Suppose we have a menu which presents the user with some options:
Welcome:
1) Do something
2) Do something else
3) Do something cool
4) Quit
The user can press 1 - 4 and then the enter key. The program performs this operation and then presents the menu back to the user. An invalid option should just display the menu again.
I have the following main() method:
int main()
{
while (true)
switch (menu())
{
case 1:
doSomething();
break;
case 2:
doSomethingElse();
break;
case 3:
doSomethingCool();
break;
case 4:
return 0;
default:
continue;
}
}
and the follwing menu():
int menu()
{
cout << "Welcome:" << endl
<< "1: Do something" << endl
<< "2: Do something else" << endl
<< "3: Do something cool" << endl
<< "4: Quit" << endl;
int result = 0;
scanf("%d", &result);
return result;
}
Entering numerical types works great. Entering 1 - 4 causes the program to perform the desired action, and afterwards the menu is displayed again. Entering a number outside this range such as -1 or 12 will display the menu again as expected.
However, entering something like 'q' will simply cause the menu to display over and over again infinitely, without even stopping to get the user input.
I don't understand how this could possibly be happening.

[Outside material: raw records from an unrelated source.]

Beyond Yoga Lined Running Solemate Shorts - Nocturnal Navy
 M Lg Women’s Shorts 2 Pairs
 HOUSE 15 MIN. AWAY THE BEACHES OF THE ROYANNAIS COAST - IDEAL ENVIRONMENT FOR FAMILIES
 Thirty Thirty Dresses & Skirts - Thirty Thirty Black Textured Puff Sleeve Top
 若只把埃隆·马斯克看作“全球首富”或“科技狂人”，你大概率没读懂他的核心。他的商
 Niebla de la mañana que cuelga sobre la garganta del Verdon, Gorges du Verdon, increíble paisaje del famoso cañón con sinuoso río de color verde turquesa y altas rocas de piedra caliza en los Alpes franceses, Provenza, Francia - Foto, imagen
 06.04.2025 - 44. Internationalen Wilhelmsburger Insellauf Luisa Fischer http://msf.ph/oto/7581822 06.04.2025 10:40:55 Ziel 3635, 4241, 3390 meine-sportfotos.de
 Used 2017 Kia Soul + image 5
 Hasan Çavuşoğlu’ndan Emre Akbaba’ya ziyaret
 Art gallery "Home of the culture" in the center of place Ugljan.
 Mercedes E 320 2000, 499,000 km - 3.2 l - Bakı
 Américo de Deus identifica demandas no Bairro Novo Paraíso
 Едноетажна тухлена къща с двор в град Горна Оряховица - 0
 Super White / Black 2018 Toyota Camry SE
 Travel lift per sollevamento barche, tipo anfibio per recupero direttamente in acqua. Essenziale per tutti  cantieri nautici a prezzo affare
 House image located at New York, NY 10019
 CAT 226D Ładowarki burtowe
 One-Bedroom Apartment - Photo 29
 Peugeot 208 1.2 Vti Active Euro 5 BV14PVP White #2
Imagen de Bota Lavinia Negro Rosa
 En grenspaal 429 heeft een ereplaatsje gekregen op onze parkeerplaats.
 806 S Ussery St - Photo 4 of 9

Clearly, menu() is being called as the menu is displayed over and over again, however scanf() is part of menu(), so I don't understand how the program gets into this error state where the user is not prompted for their input.
I originally had cin >> result which did exactly the same thing.
Edit: There appears to be a related question, however the original source code has disappeared from pastebin and one of the answers links to an article which apparently once explained why this is happening, but is now a dead link. Maybe someone can reply with why this is happening rather than linking? :)
Edit: Using this example, here is how I solved the problem:
int getNumericalInput()
{
string input = "";
int result;
while (true)
{
getline(cin, input);
stringstream sStr(input);
if (sStr >> result)
return result;
cout << "Invalid Input. Try again: ";
}
}
and I simply replaced
int result = 0;
scanf("%d", &result);
with
int result = getNumericalInput();
When you try to convert the non-numeric input to a number, it fails and (the important part) leaves that data in the input buffer, so the next time you try to read an int, it's still there waiting, and fails again -- and again, and again, forever.
There are two basic ways to avoid this. The one I prefer is to read a string of data, then convert from that to a number and take the appropriate action. Typically you'll use std::getline to read all the data up to the new-line, and then attempt to convert it. Since it will read whatever data is waiting, you'll never get junk "stuck" in the input.
The alternative is (especially if a conversion fails) to use std::ignore to read data from the input up to (typically) the next new-line.
1) Say this to yourself 1000 times, or until you fall asleep:
I will never ever ever use I/O functions without checking the return value.
2) Repeat the above 50 times.
3) Re-read your code: Are you checking the result of scanf? What happens when scanf cannot convert the input into the desired format? How would you go about learning such information if you didn't know it? (Four letters come to mind.)
I would also question why you'd use scanf rather than the more appropriate iostreams operation, but that would suffer from exactly the same problem.
You need to verify if the read succeeded. Hint: it did not. Always test after reading that you successfully read the input:
if (std::cin >> result) { ... }
if (scanf("%d", result) == 1) { ... }
In C++ the failed state is sticky and stays around until it gets clear()ed. As long as the stream is in failed state it won't do anything useful. In either case, you want to ignore() the bad character or fgetc() it. Note, that failure may be due to having reached the end of the stream in which case eof() is set or EOF is returned for iostream or stdio, respectively.